Steven Path, the CEO and founder of Pathmazing, speaks to the Post last week at his office in Phnom Penh.
Steven Path, the CEO and founder of Pathmazing, speaks to the Post last week at his office in Phnom Penh. Pha Lina

ICT Federation overhauled

Trying to stay in sync with Cambodia’s rapid information and communication technology (ICT) growth, the Kingdom’s ICT Federation has been overhauled and is now fully chaired by industry insiders.

According to Steven Path, president of the ICT Federation and CEO of Pathmazing software development company, this is the first time in Cambodia that there has been a board of directors who are from the ICT industry, free of political ties, and appointed through a democratic process.

“In the past, the ICT Federation didn’t have criteria or qualifications for someone to be part of the board of directors,” he said. “But going forward the federation is amending the bylaws so that in order to be a member of the board of directors, you must own or run an ICT business and either be a leader or influential in your field.”

Path argued that there is enough room in the market for many other companies similar to his own to emerge and be successful.

As such, he said that the federation hopes to help promote tech companies of all sizes using the staff, services, capital and additional resources that each board member brings to the table.

“Our mission is to empower these startups that are just getting into software development or just getting into selling computers and software,” he said.

The new board members represent software development companies, telecommunications firms and internet service providers. Their mission is to grow Cambodia’s digital economy, which currently has an estimated worth of $800 million, into a multi-billion-dollar industry.

By aiming to create a cohesive industry, Path hopes it will attract the attention of international giants.

“We hope that the ICT Federation will be able to attract interest from companies like Google, Apple and others,” Path said. “For example, Google has agreed to train thousands of software developers in Vietnam and Indonesia. We seek that type of partnership.”

“With industry leaders, we believe that we will have more of a united voice to talk to [these companies] and convince them that Cambodia is business friendly and that its digital economy is at the cusp of exploding,” he said.

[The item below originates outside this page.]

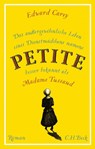 Das außergewöhnliche Leben eines Dienstmädchens namens PETITE, besser bekannt als Madame Tussaud - Edward Carey - 9783406781476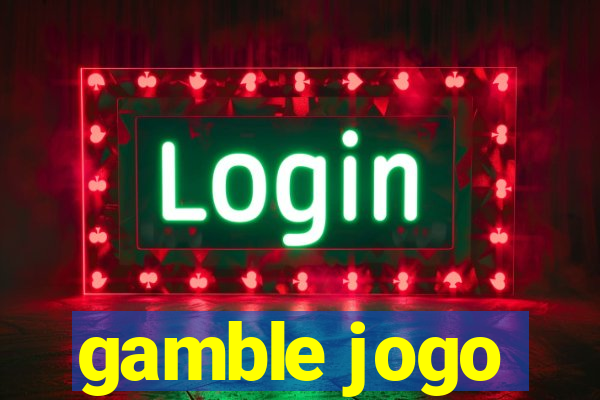 gamble jogo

As for training more professionals: “Google can play a major role in that.”

According to Path, the Ministry of Post and Telecommunications (MPTC) has been working closely with the federation and will allow them to review and provide feedback on any laws the ministry alters or develops, including the telecom, e-commerce and cyber law.

In addition to the federation acting as the representative of the private sector, the ministry will in return help build human resources, explained Kamrang Eang, director of ICT at the MPTC.

“Our intention is that working together with the private sector [by way of] the ICT Federation, will push forward the Industry,” he said. Overall, the ministry hopes that the new federation will quickly develop the sectors efficiency.

Palm Technology, a Cambodian startup company that develops banking software, believes that the federation now has more to offer.

“I want to become a member because I want more opportunities in the IT market,” said Yen Saby, CEO of Palm Technology. “If I join the ICT Federation, maybe I will understand [tech] solutions more clearly.”